L’originaria costruzione avente il medesimo titolo esisteva presso l’attuale chiesa di S. Giorgio dei Genovesi, distante dunque dalla presente poche decine di metri. Era stata fondata nella prima meta’ del’300 da alcuni mercanti della Nazione lucchese e dedicata a S. Cita (o Zita), vergine molto venerata nella citta’ toscana. Ad essa era collegato un ospedale ad uso degli appartenenti alla stessa Nazione. Nel 1428 essa passo’ all’Ordine dei Domenicani, che circa un trentennio appresso decisero di costruirne una nuova accanto alla primitiva, press’a poco nel luogo dove sorge oggi l’attuale. Nel 1586, infine, i Padri deliberarono di riedificarla ancora una volta, in proporzioni assai piu’ vaste. E’ probabile che la direzione dei lavori fosse stata affidata a Giuseppe Giacalone.La facciata fu rifatta nel 1781 da Nicolo’ Peralta, allievo del Marvuglia, secondo un composto disegno ancora rinascimentale.
I due quadroni in stucco sulle porte minori riportano le figurazioni allegoriche della Carita’ e dell’Apostolato. Sulla porta principale e’ il cane con la fiaccola, simbolo dell’Ordine di S. Domenico. L’interno della chiesa mostra l’inquietante squilibrio di proporzionalita’ tra la zona della navata principale (smisuratamente sviluppata in alzato) e la amplissima zona del presbiterio e delle cappelle che si aprono oltre di esso.

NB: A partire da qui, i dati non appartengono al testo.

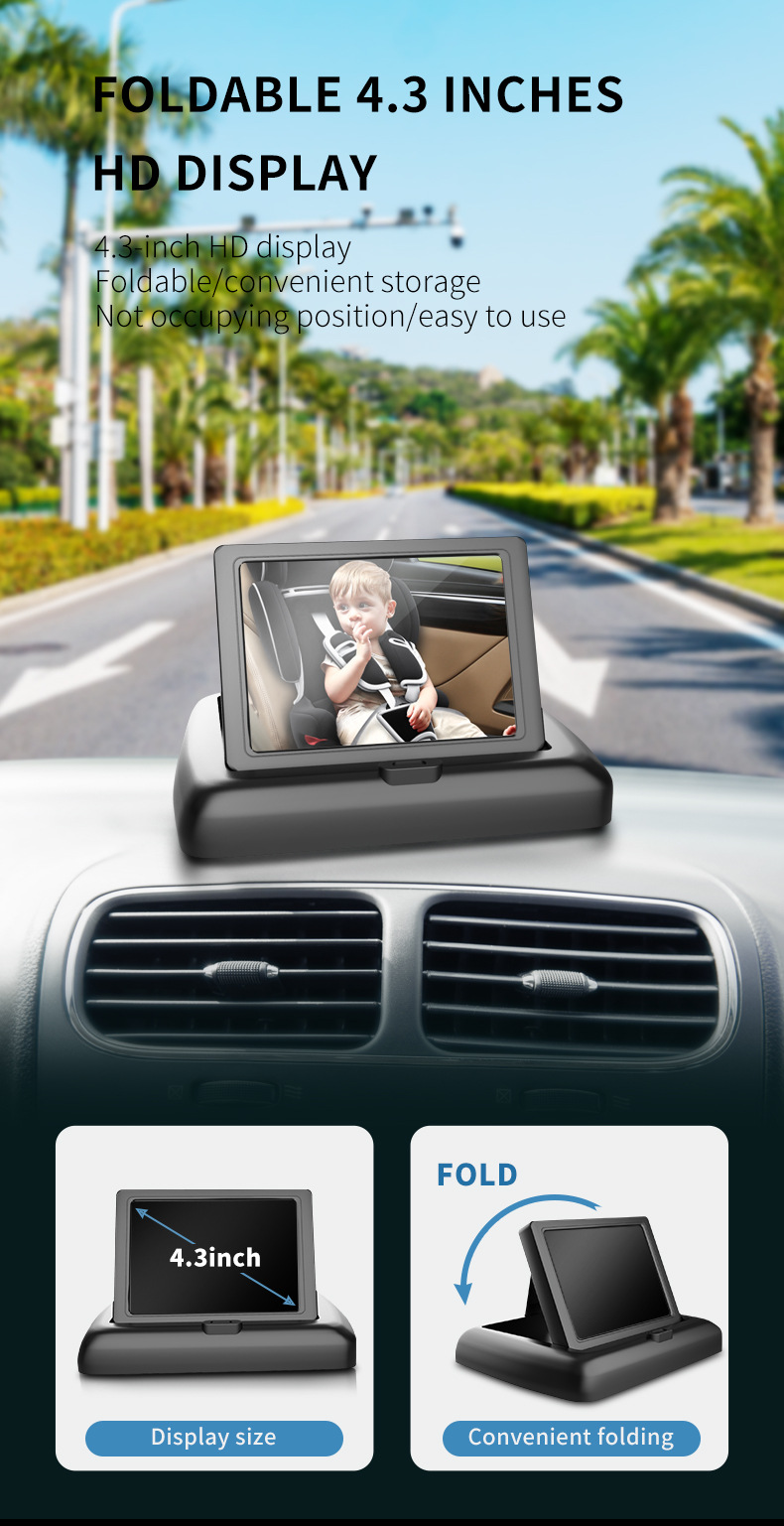 Car-Mounted Baby Monitor with 4.3-Inch Foldable Display + Night Vision Camera for Rear Seat Monitoring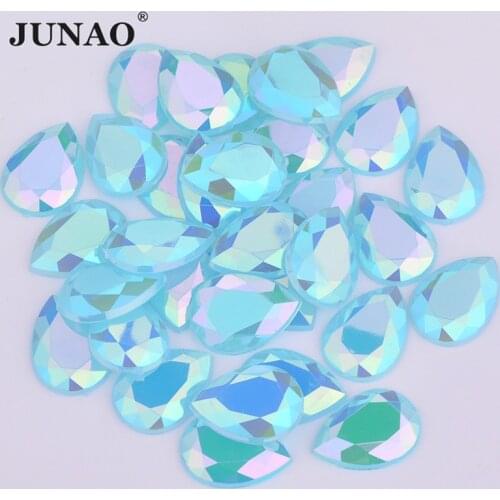 JUNAO 10x14mm 13x18mm Aquamarine AB Crystal Teardrop Rhinestones Flatback Crystal Stones Applique Non Sewn Acrylic Strass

Nel 1943, infatti, un grappolo di bombe si abbatte’ sul corpo centrale della chiesa distruggendo irrimediabilmente la navata di sinistra, con le sue cinque cappelle, e annientando le prime due di quella di destra. Solamente l’invaso centrale e’ oggi fruibile nella sua interezza e gli archi tompagnati, che ora si vedono in corrispondenza delle originarie cappelle, rendono una pallida idea della primitiva grandiosita’ d’impianto dell’edificio, amplificata dalla solidita’ dei pilastri che suddividevano le tre navi. Nei vani degli archi sono stati sistemati alcuni dipinti recentemente restaurati. Tra essi sono da notare: nel terzo lato sinistro La Beata Agnese da Montepulciano, tela di Filippo Paladini del 1603; nel quarto del lato sinistro La Vergine e l’Eterno Padre, tela della meta’ del XVII secolo; nel quinto del lato sinistro S. Rosa da Lima, tela di ignoto seicentesco.
Nel lato destro vi sono interessanti una S. Caterina da Siena, tela degli inizi del XVII secolo e una Trinita’ e S. Gregorio, dei primi del’700.
Di notevole bellezza e’ la Cappella del SS. Rosario. Interamente rivestita di marmi mischi e tramischi essa, assieme alla decorazione dell’abside della chiesa del Gesu’, e a quella della chiesa della Concezione, rappresenta uno dei vertici piu’ alti raggiunti dall’addobbo marmoreo settecentesco a Palermo. I floridi puttini musicanti delle lesene presso l’ingresso, che reggono simboli della Passione, mostrano una ineguagliata raffinatezza d’esecuzione. La decorazione delle pareti fu iniziata poco dopo la meta’ del’600, ma i suoi elementi piu’ significativi risalgono all’intervento di Gioacchino Vitagliano, protrattosi per circa un venticinquennio (1697-1722). I "teatrini" marmorei, che raffigurano dieci dei quindici Misteri del Rosario, furono eseguiti su modelli in creta di Giacomo Serpotta. 

La volta della cappella fu affrescata nel 1692 da Pietro Dell’Aquila con cinque Misteri Gloriosi. Al pittore si deve anche, verosimilmente, il disegno per la cornice in stucco nella quale sono inseriti. Di notevole pregio e’ il paliotto in pietre dure dell’altare maggiore, fatto realizzare, come recita una sovrastante iscrizione, da donna Agata Branciforti, contessa di Mazzarino. Vi si noti al centro la Fontana, uno dei simboli mariani. La tela con la Vergine del Rosario e’ riferibile agli inizi del XVIII secolo. Da notare e’, infine, il pavimento della cappella interamente composto da lapidi sepolcrali a mischio.